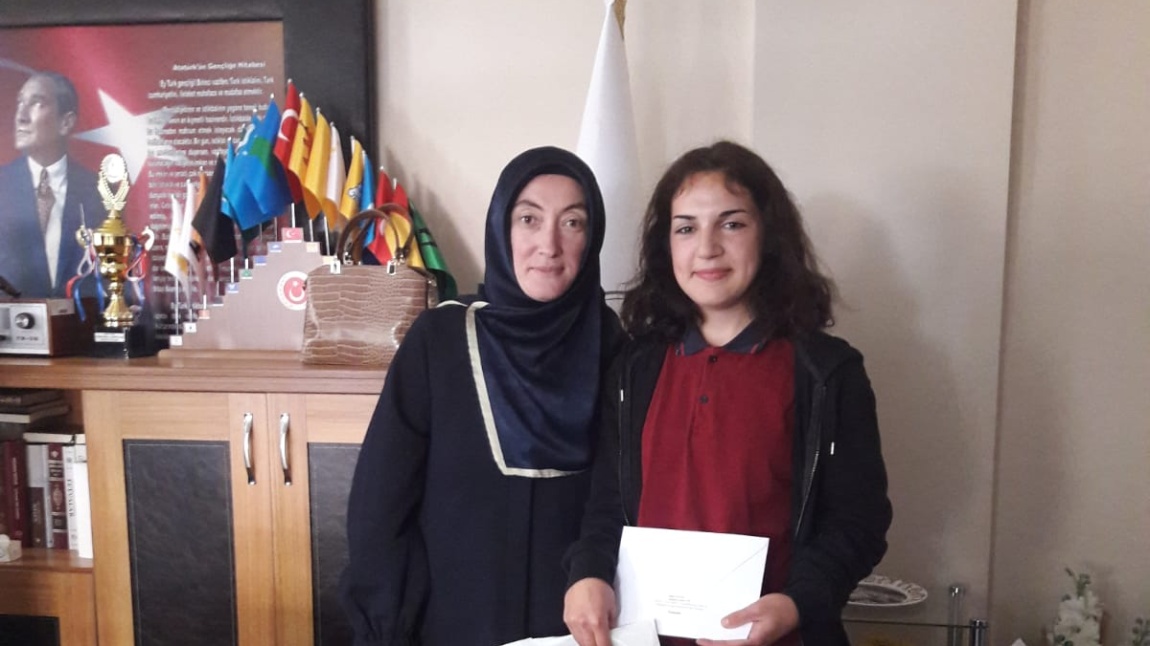 12.sınıf öğrencimiz Cansu GÜNEŞ, müftülüğün düzenlediği kompozisyon yarışmasında 3. olarak ödülünü aldı.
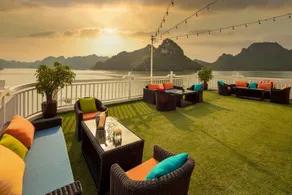 Dynasty Cruises Halong - Image 2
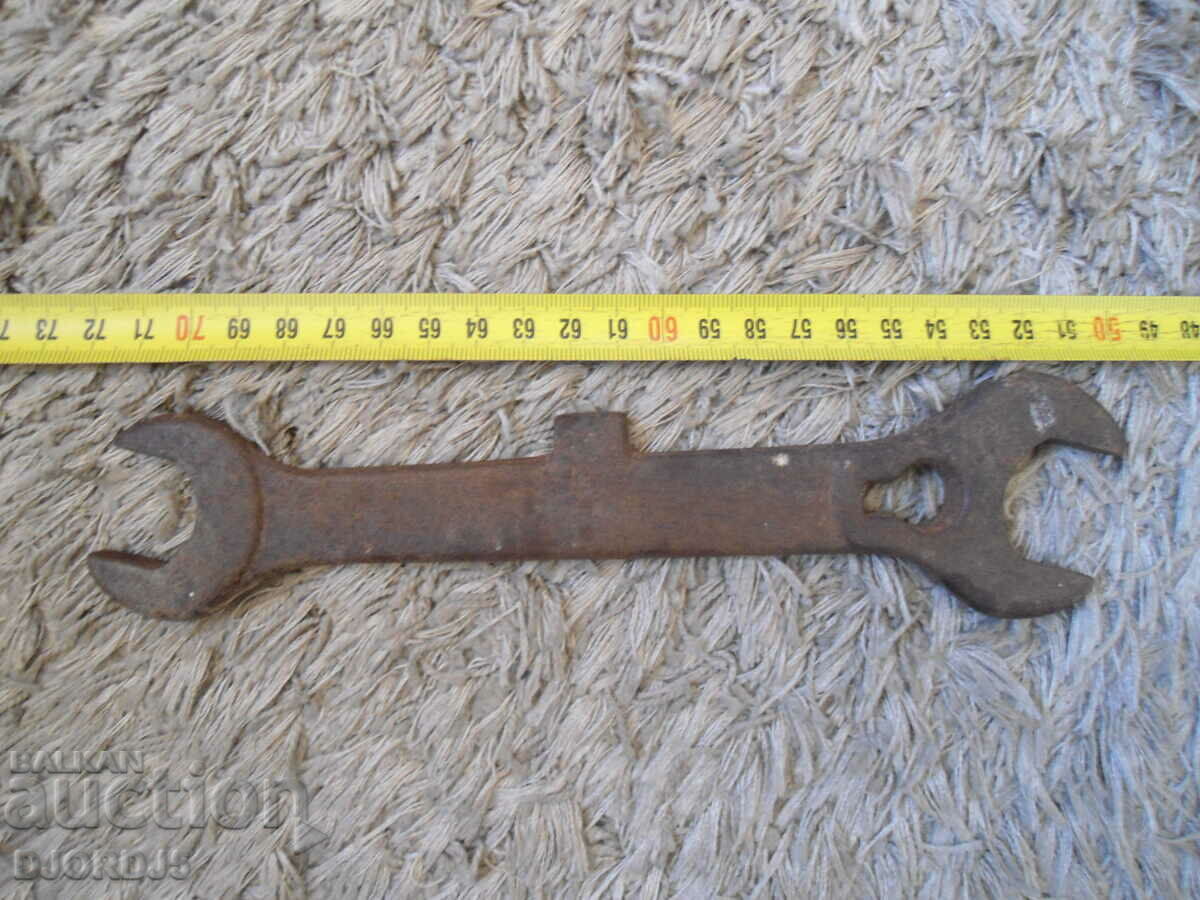 Auction Old key Auction Old key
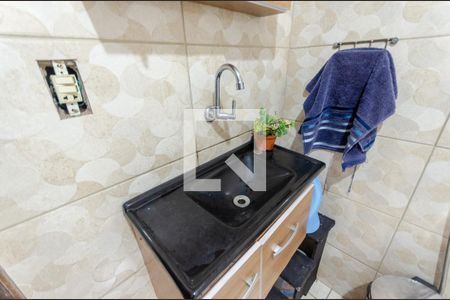 Casa para alugar com 100m², 3 quartos e 6 vagasBanheiro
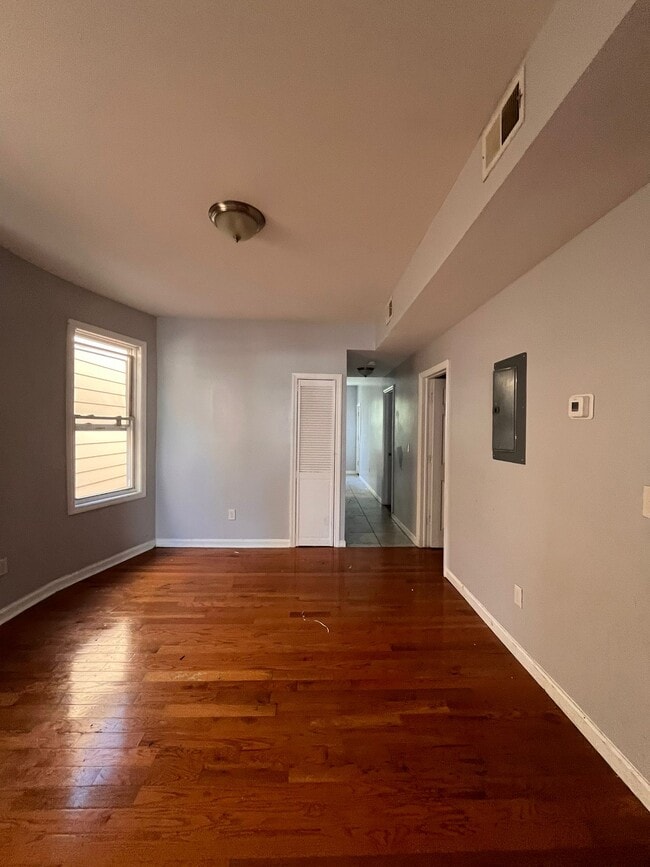 Foto del edificio - 143 Pearsall Ave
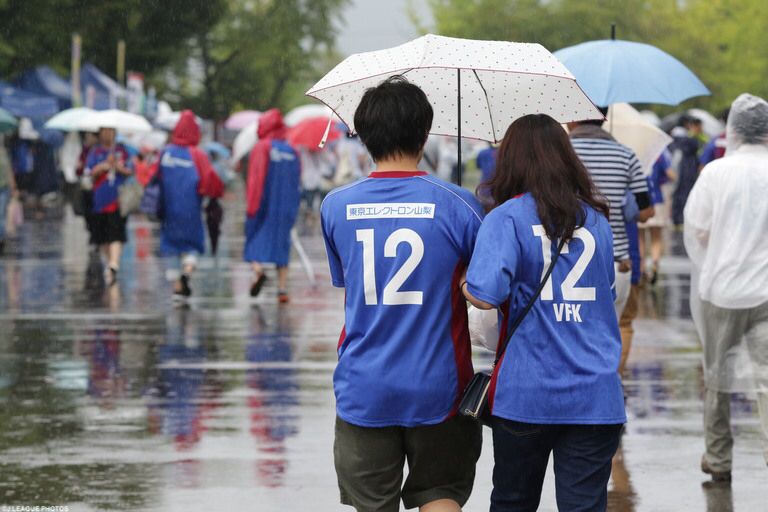 雨 の 日 野球 観戦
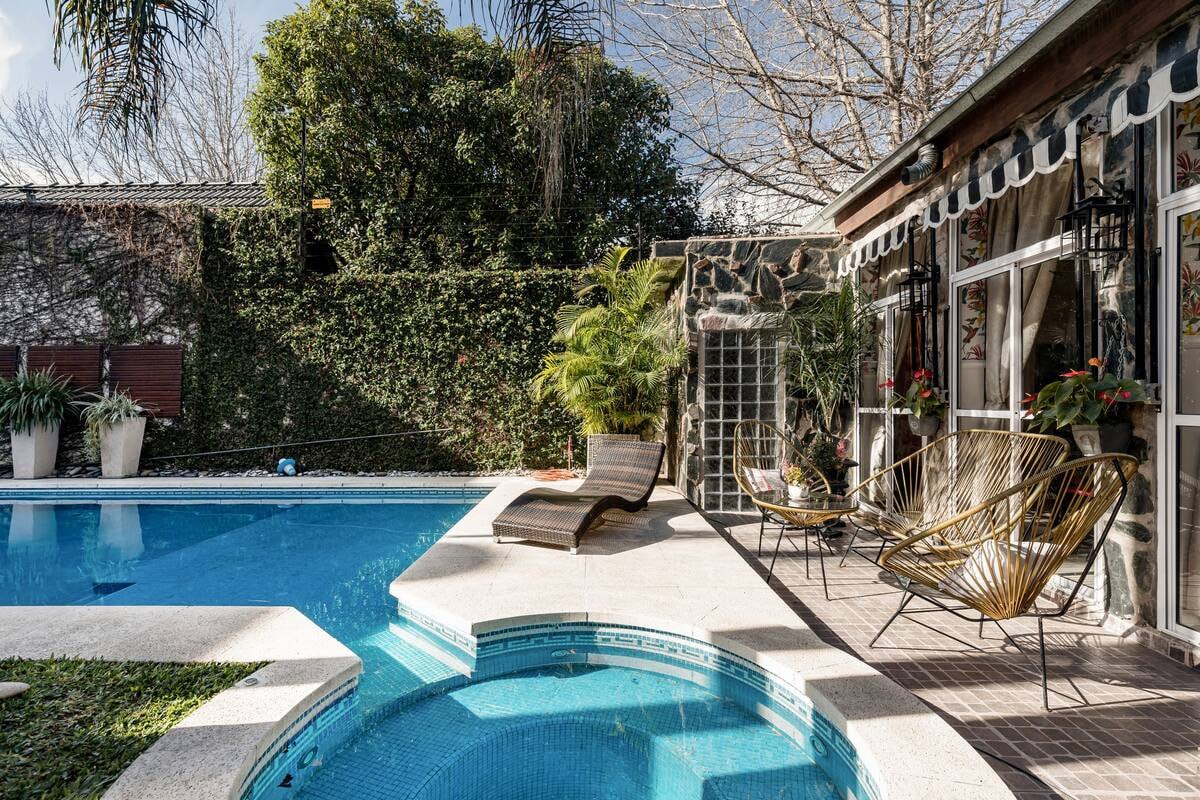 Five-Room House with Private Pool in Belgrano/Nuñez photo 1 of 8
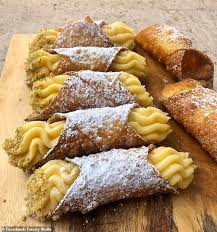 See 47,929 tripadvisor traveller reviews of 359 hastings restaurants and search by cuisine, price, location, and more. Mother S Three Ingredient Cannoli Recipe Takes The Foodie World By Storm Daily Mail Online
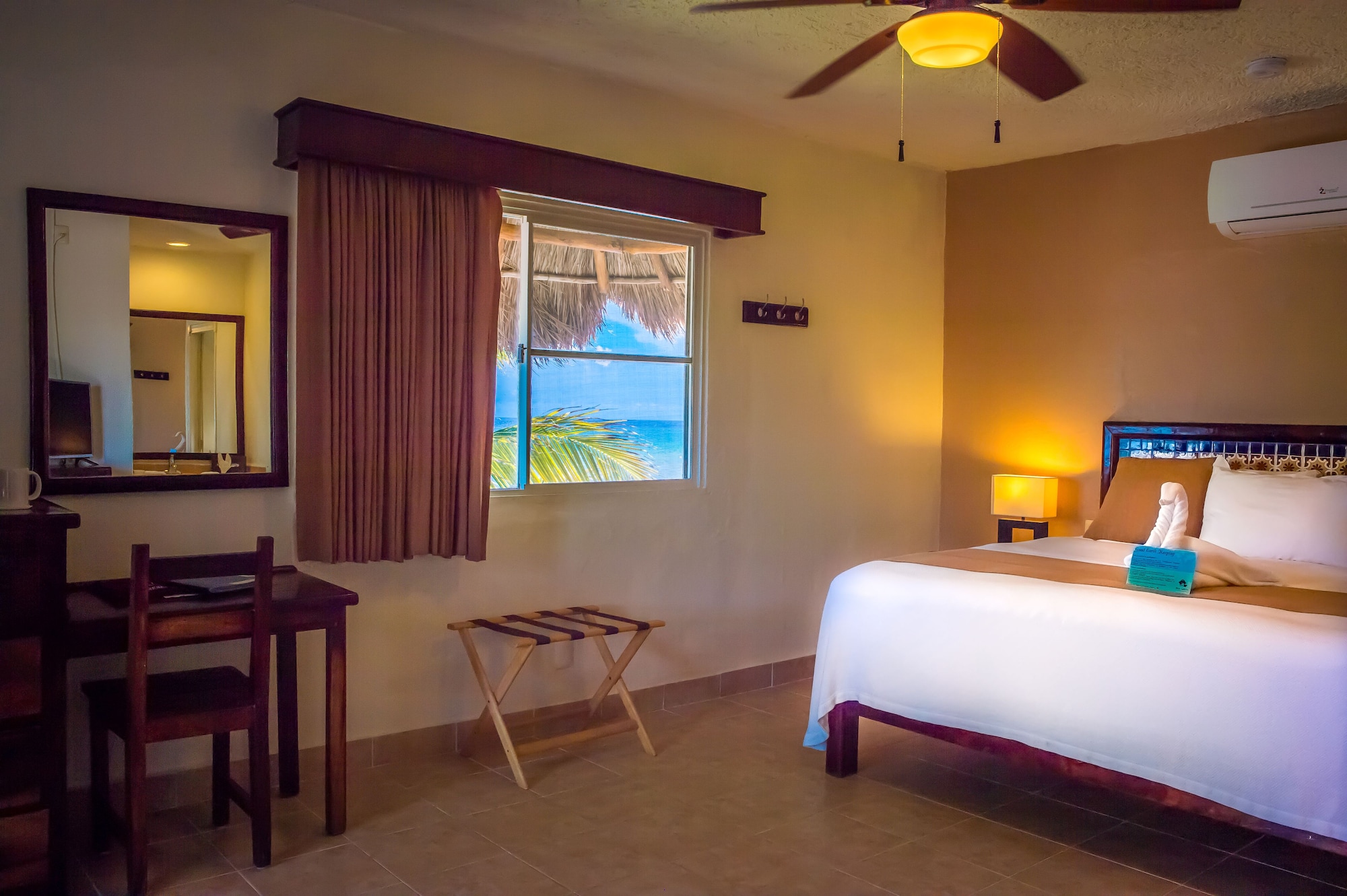 PREMIUM, KING BED, OCEAN VIEW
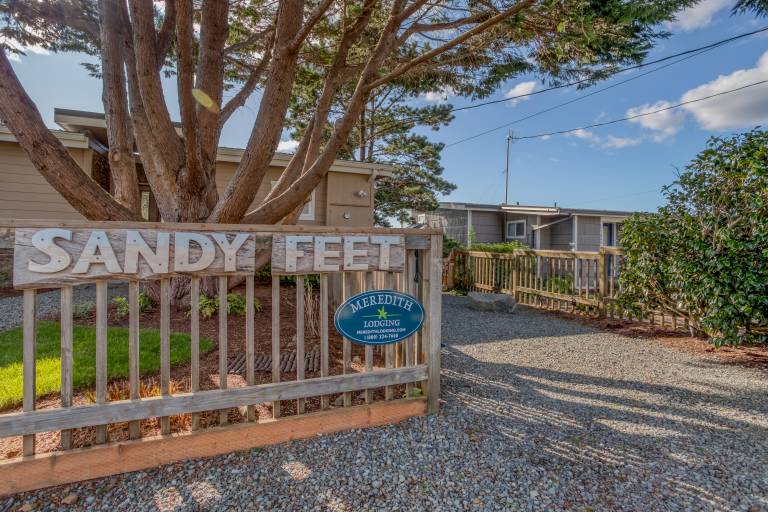 Sandy Feet — photo 2
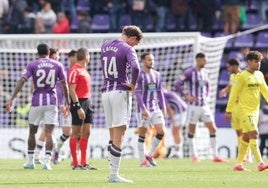 Latasa, con la mirada perdida en el último partido ante el Villarfreal.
§ §
## About this exercise
Using the entries above, write out exactly the lines from the one with "Casa para alugar" through the one with "Five-Room House with", ends included. Leave out any pictures.

## Task output
 Casa para alugar com 100m², 3 quartos e 6 vagasBanheiro
 Foto del edificio - 143 Pearsall Ave
 雨 の 日 野球 観戦
 Five-Room House with Private Pool in Belgrano/Nuñez photo 1 of 8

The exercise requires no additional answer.